Bartłomiej Kluska: Video games have been around for half a century now. The last thirty years saw the rise of widespread access to video games in Poland. Despite their brief presence, they are one of the most popular mass culture mediums today. I think this is enough to study their history like we study the history of film or literature.
PS: What is the nature of a digital culture historian’s work?
BK: The central problem is the lack of written sources. The designers of old games, their publishers and the journalists writing about them didn’t archive their work. So we often have to build on spoken sources. The creators of the oldest games are beginning to pass away – it’s the last minute to talk to them. Of course, their memory sometimes fails and it’s difficult to verify their stories by comparing them with historical documents. At times, the access to old magazines is difficult, because they weren’t archived. Even the source codes of video games went missing – and I am not necessarily talking about the very old ones. For example, we can’t republish the video game adaptation of Blade Runner (1997) – the source code and the original graphics have gone missing.
PS: What did your work on Bajty Polskie (editor’s translation: Polish Bytes) look like? The book in which, together with the late Mariusz Rozwadowski, you collected information about the earliest Polish video games?
BK: Our research was the first one of its kind – nobody had done it before in Poland. First, we had to go through all available magazines and (the very few) books from that period. Then, we tried to get in touch with the designers, it wasn’t always possible, because many of them didn’t want to share their memories, besides it was difficult to reach some of them because they are in different lines of work nowadays. Of course, many creators were excited to share their stories. Their stories made it into our book. A lot of similar stories simply vanished without a trace.
PS: What’s the story of the oldest Polish video game – the game of tic-tac-toe written by Bogdan Miś around 1960?
BK: We found out that Bogdan Miś bragged somewhere about writing a game of tic-tac-toe for the Polish XYZ computer. We managed to reach him – it turned out that despite his advanced age, he’s still active on the Internet. He agreed to be interviewed. Of course, we have to remember that his own account is undoubtedly true, the are no other sources to back it up. It’s a problem with a historian’s craft – we should have two independent sources, but sometimes that’s just not possible. That was also the case with Marienbad from 1962 (an implementation of the mathematical game NIM on the Odra 1003 computer) created by electric engineer Witold Podgórski. We know about it from his story, but there are no texts and photos to prove its existence. The situation improved in the 1980s – the first announcements and reviews started appearing in the press.
PS: Why do people indulge in nostalgia for old video games and hardware?

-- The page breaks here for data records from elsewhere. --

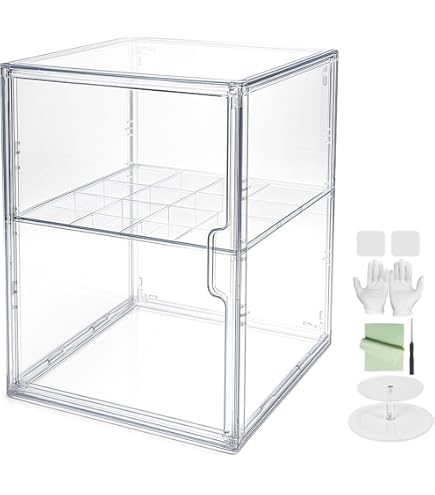 Amazon.co.jp: CAMEWIN フィギュアケース マグネット扉付き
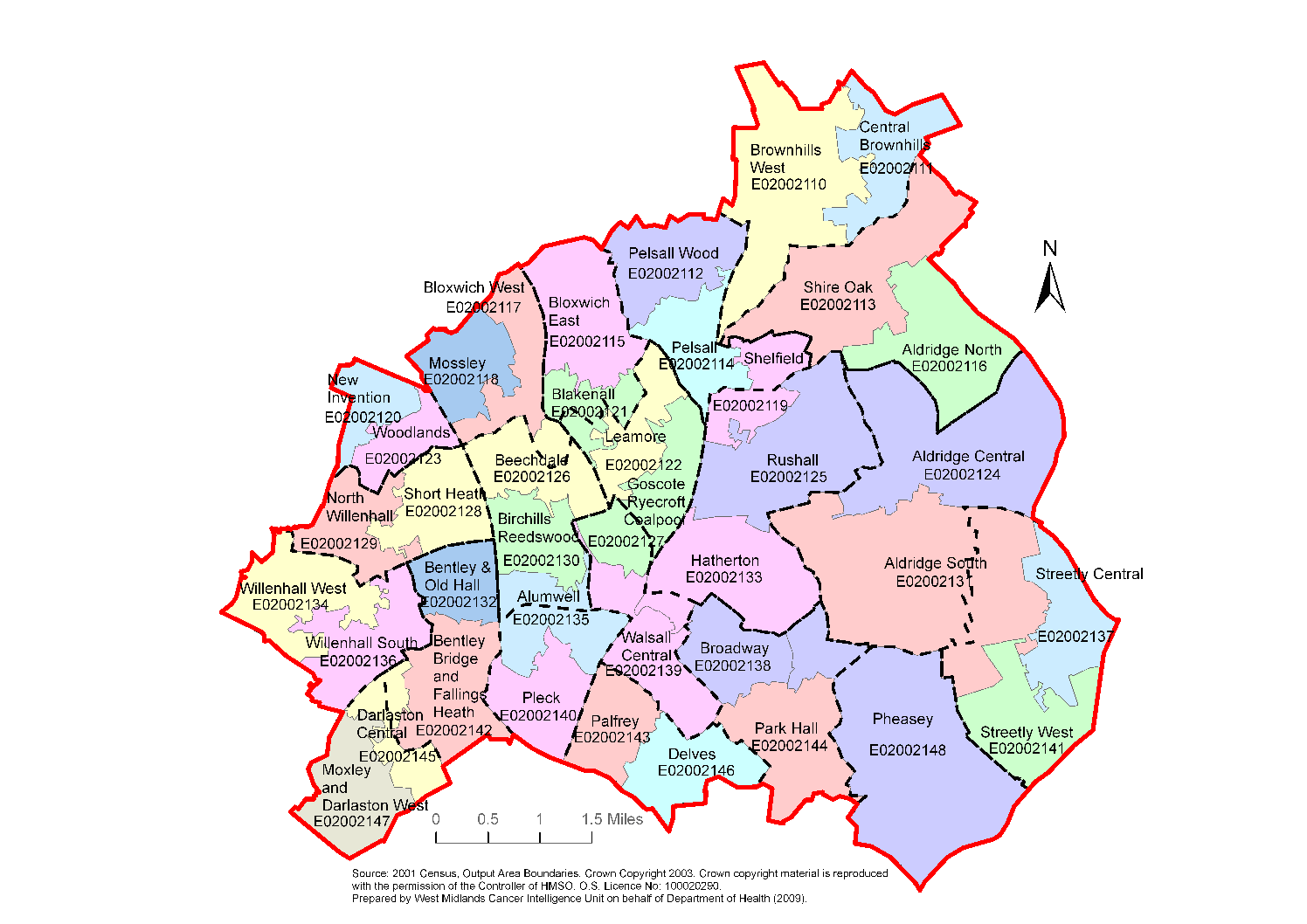 Walsall comtes plan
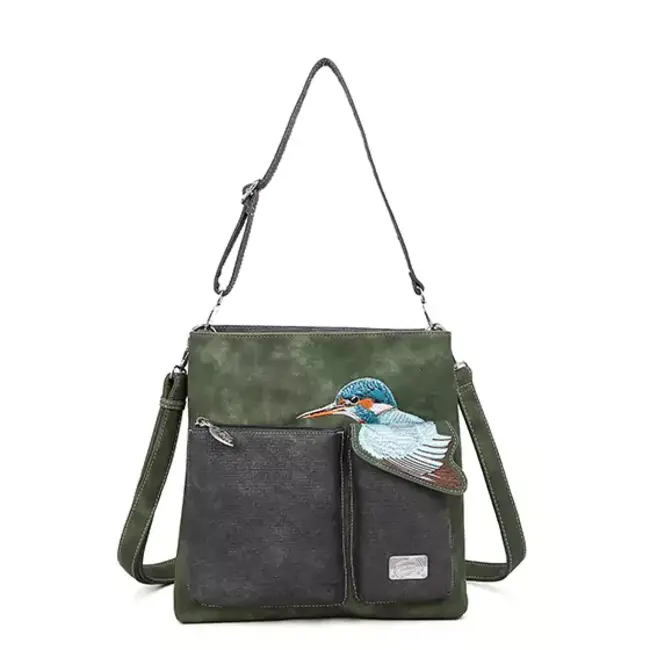 Hi-di-Hi 'King Shopper' D.green/D.grey - KS07
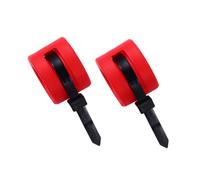 4 Pcs Mountain Bike Chain Protector Rubber Anti-collision Rings, Red | Rear Fork Coverage for Bicycle Chains, Lightweight Scratch Prevention during Commuting, Road Cycling and Mountain Biking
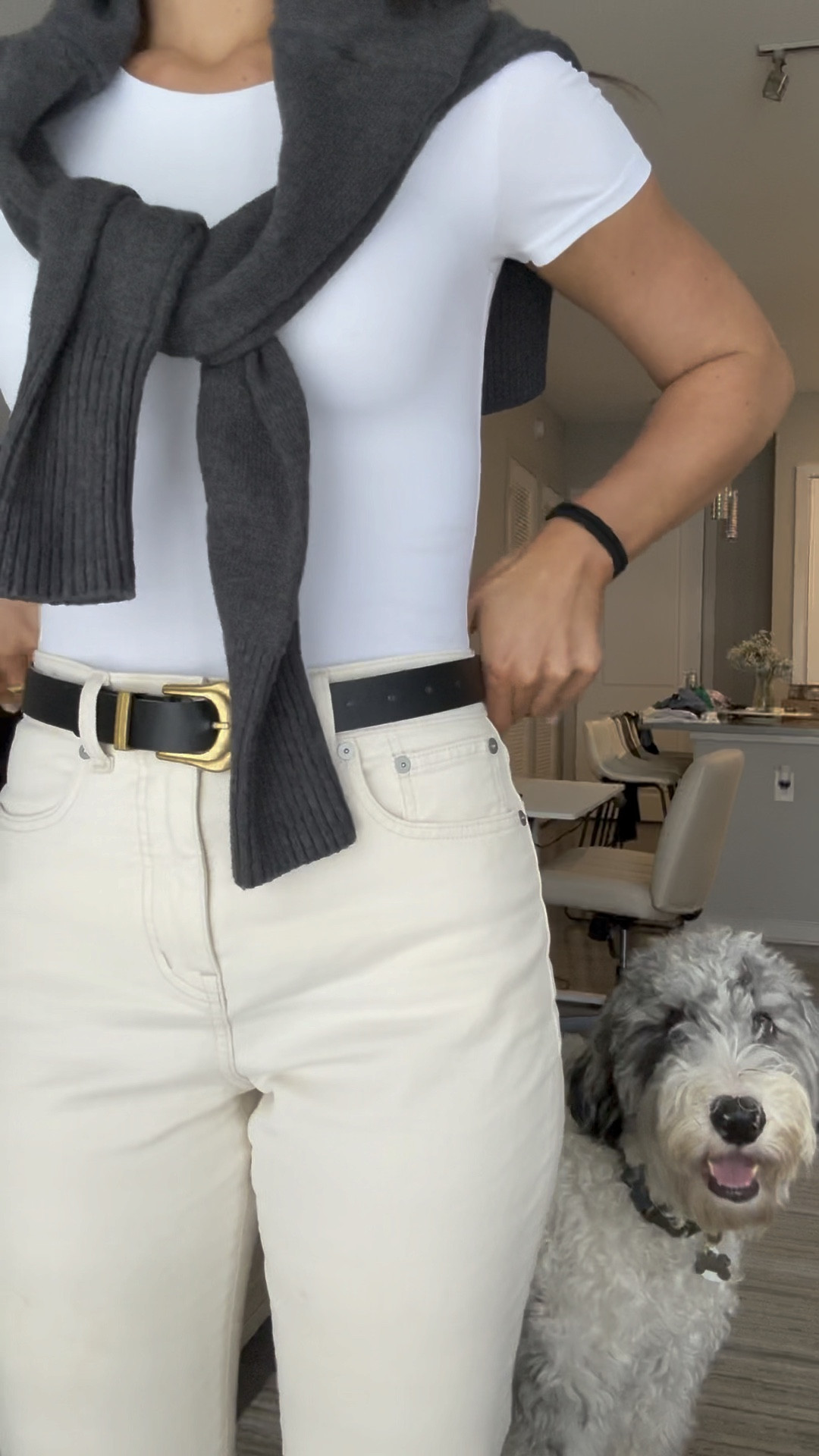 ootd for a day in the office! These madewell jeans are so comfy (I can sit at my desk all day long in them) 🤍

#LTKWorkwear #LTKxMadewell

BK: I think that there are two reasons for this phenomenon. Firstly, it’s the fascinating conventionality of the old graphics and audio. There are some pixels on the screen which combine to create a whole story – a plane flying over a river fighting enemy forces, a short moustachioed character jumping from block to block to save a princess. Those stories are born in the minds of the players. No contemporary game can compete with that kind of imagination – they are way too direct.
The second explanation is the difficulty. One pixel too far and the character is dead. Once it dies three times, we have to start all over again. You can’t save the game in the middle, there are no hints. In comparison, the games of today are easy-peasy. Sometimes playing a video game is like watching a TV show – players are guaranteed to finish the game and reach a happy end if they spend a few hours on it. Back then, games could be played for years without ever being finished. Of course, at times we have to evoke the words of Raymond Chandler: ‘The swans of our childhood were probably just pigeons’. We should be careful when we go back to old video games.